The invention relates to a method and apparatus for installing two or more instrumentation sensors and cables inside of a single tubing string in a wellbore for monitoring well conditions at two or more locations in the wellbore.
In many oil and/or gas producing wells, it is essential to measure parameters such as pressure and temperature at different points in the wellbore for safety, efficiency and production reasons. Typically, as shown in
During well servicing and other interventions that may be necessary throughout the life of a well, the production tubing string is often pulled out and re-installed at various times, which requires the upper sensor 6 and cable 7 that have been clamped to the outside of the production tubing string to be handled. Handling the sensor and cable adds to the complexity of each intervention and increases the time, costs, and the number of services involved in the intervention. Furthermore there is also a risk of damaging the sensor and cable during deployment and pulling of the production tubing string each time it is handled.
Moreover, by having the sensor and cable attached to the production tubing string, vibrations in the production tubing string created by pumps and other equipment can damage the sensor, resulting in inaccurate readings and/or the need to repair or replace the sensor.

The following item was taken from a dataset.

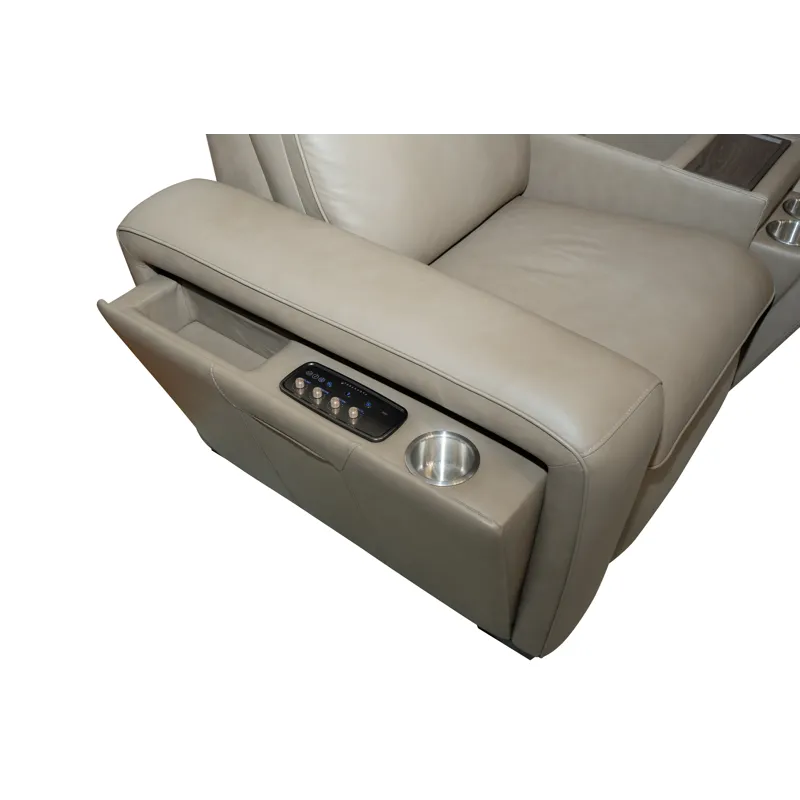 Sense Power Reclining Immersive Audio Loveseat with Console, Power Headrest, & Lumbar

A review of the prior art reveals several systems for measuring pressure in a wellbore. For example, U.S. Pat. No. 8,230,917 teaches a system and method for determining fluid invasion in reservoir zones using a sensor in coiled tubing. US 2004/0031319 teaches a system that displaces a predetermined fluid in order to measure pressure in a highly deviated or horizontal wellbore. US 2011/0229071 teaches a sensor system for taking measurements at a variety of locations in a wellbore using an optical fiber having a plurality of pressure sensors spaced apart on the optical fiber. US 2013/0048380 teaches a method for estimating one or more interval densities in a wellbore by acquiring first and second axially spaced pressure measurements in the wellbore using a tool string containing a number of spaced apart pressure sensors. U.S. Pat. No. 6,116,085 teaches a tubing string housing a plurality of pressure sensor assemblies connected to ports along the tubing string and a plurality of thermocouples operative to measure temperature at points along the tubing string in a wellbore.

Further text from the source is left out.